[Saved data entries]
================================

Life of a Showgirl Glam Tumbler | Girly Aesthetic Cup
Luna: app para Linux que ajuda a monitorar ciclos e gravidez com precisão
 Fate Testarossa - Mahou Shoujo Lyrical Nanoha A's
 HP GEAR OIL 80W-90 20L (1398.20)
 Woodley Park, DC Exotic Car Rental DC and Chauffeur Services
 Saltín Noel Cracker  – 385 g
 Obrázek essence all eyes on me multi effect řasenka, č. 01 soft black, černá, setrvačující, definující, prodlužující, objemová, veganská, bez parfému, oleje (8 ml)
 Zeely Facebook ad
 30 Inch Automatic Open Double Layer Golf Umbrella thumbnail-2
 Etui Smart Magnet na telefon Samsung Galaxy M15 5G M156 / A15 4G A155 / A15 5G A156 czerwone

================================

* _Exercise goal_
Return exactly the lines in the records above, beginning with the one that holds "30 Inch Automatic" and ending with the last.

* _Result for this exercise_
 30 Inch Automatic Open Double Layer Golf Umbrella thumbnail-2
 Etui Smart Magnet na telefon Samsung Galaxy M15 5G M156 / A15 4G A155 / A15 5G A156 czerwone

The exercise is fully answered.